"Books, Records, Films -- these things matter. Call me shallow but it's the damn truth." - High Fidelity

June 14, 2012

How to admire the Beats



How do you admire Jack Kerouac after you figure out that in the end he made horrible television appearances, hated his fans and fame and drank himself to death in his mother’s house? His friend Dean died drunk in a ditch in Mexico.  I forget his real name.  Burroughs probably wasted a Gastby’s worth of great novels on junk but never died and outlasted all comers.  Bukowski was a drunk.  Thompson a suicide.  

When you really come down to it, the Beat to admire is Allen Ginsberg.  Like Burroughs he lasted forever, but unlike Burroughs he didn’t allow drugs to reduce his output or his international effect.  He was a force to be reckoned with, not a former football player drinking himself to death.  

What was the real deal?  Kerouac wrote about a spirit he didn’t possess or a spirit he once had?  You read his books and are filled with a passion for another world, a world that now doesn’t exist, where you could bum from town to town and get decent jobs without identification and background checks and then be free to spend the money however you want in a multicolored galaxy of shanty towns that are now all converted into cemented over Walmart parking lots.  You can have any color you like as long as it’s black - Henry Ford.  

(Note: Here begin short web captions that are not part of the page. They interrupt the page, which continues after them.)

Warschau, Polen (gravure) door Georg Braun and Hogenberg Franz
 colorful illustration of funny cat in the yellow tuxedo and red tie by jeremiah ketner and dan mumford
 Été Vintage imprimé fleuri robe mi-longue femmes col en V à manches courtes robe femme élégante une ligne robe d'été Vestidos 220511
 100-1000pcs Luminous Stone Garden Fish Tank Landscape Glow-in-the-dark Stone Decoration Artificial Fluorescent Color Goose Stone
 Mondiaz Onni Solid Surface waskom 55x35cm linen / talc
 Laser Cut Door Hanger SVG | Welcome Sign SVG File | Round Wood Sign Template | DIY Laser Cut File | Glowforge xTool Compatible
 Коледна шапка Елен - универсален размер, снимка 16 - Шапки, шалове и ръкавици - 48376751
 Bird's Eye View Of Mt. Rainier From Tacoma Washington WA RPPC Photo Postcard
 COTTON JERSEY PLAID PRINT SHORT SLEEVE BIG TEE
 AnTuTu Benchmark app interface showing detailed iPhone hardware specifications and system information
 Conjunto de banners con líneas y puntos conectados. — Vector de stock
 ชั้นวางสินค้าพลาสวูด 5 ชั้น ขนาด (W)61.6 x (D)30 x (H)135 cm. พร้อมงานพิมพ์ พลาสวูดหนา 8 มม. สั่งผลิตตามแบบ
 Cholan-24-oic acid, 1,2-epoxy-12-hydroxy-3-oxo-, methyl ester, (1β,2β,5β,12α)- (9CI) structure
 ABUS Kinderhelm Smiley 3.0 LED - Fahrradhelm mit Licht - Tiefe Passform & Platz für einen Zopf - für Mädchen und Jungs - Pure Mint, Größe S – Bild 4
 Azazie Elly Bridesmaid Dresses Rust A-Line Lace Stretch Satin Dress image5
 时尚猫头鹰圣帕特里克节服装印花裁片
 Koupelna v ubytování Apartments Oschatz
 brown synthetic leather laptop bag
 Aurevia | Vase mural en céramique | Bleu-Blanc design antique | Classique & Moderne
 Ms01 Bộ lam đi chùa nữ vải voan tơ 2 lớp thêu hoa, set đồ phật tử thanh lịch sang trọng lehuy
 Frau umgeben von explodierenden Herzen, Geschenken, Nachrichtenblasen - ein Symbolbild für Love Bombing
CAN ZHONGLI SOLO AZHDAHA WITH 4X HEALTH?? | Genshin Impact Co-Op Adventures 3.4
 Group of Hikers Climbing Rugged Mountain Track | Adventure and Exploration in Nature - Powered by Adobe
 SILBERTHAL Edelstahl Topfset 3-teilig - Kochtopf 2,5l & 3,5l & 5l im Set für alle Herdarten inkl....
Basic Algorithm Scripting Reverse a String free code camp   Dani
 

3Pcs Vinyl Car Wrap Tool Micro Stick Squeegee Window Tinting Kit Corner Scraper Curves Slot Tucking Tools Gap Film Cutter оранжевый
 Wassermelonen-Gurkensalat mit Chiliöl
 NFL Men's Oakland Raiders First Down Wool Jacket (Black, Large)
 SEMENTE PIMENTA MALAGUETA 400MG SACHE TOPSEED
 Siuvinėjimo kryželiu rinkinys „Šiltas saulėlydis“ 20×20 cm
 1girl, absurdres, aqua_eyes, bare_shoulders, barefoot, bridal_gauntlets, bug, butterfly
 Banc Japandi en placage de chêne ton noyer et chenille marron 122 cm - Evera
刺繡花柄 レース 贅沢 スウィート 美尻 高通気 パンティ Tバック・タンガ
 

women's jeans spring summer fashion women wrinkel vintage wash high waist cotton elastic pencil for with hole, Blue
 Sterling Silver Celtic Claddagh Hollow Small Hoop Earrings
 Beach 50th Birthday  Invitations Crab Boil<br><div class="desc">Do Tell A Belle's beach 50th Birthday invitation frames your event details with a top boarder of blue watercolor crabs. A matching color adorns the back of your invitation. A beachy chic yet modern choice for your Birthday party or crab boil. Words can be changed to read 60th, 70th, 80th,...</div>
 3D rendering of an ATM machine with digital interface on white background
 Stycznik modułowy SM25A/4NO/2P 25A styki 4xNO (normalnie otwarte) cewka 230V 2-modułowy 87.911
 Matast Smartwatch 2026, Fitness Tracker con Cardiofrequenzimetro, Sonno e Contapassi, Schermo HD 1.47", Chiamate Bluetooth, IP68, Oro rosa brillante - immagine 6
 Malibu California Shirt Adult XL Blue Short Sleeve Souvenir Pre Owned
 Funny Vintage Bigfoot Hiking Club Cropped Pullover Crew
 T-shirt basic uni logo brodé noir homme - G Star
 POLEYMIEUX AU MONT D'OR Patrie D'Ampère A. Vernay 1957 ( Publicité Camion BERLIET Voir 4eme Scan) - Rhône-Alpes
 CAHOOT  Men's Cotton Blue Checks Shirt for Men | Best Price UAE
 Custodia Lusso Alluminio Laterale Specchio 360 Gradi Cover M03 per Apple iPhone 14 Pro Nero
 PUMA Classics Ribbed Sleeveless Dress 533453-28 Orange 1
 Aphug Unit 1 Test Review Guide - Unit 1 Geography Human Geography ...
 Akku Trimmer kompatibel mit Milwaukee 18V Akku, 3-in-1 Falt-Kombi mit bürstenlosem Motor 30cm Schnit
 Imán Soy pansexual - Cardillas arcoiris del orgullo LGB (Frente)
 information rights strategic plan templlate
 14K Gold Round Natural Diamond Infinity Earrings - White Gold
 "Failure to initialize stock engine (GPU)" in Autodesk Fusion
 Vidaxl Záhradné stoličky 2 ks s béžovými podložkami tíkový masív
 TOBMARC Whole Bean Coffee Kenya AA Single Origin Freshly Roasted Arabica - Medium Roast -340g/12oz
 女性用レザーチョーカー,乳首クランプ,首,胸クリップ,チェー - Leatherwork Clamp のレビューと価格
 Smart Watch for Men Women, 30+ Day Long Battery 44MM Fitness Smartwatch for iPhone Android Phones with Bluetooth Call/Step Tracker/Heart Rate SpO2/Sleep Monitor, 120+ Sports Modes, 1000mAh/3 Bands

With Ginsberg there’s something different not only because his poem chronicled the entire group and encompassed a generation, but because he put on a sheet and traveled the world spreading his message and causing chaos wherever he went.  He spent his time with the flower children on the bus and he also got kicked out of quite a few countries for simply expressing his true being.  That’s power.  

Google search for Carlo Marx (Ginsberg) quotes from On The Road reminds me that the book is about to be raped by the movies, which they’re also doing again to Gatsby and I’m sure are lining up at Salinger’s grave to get to Catcher.  Speaking of Salinger, where’s the extra books?  Most disappointing literary non-event since Mark Twain’s autobiography (which is only disappointing because I have a copy and haven’t read it and my copy might be the wrong version).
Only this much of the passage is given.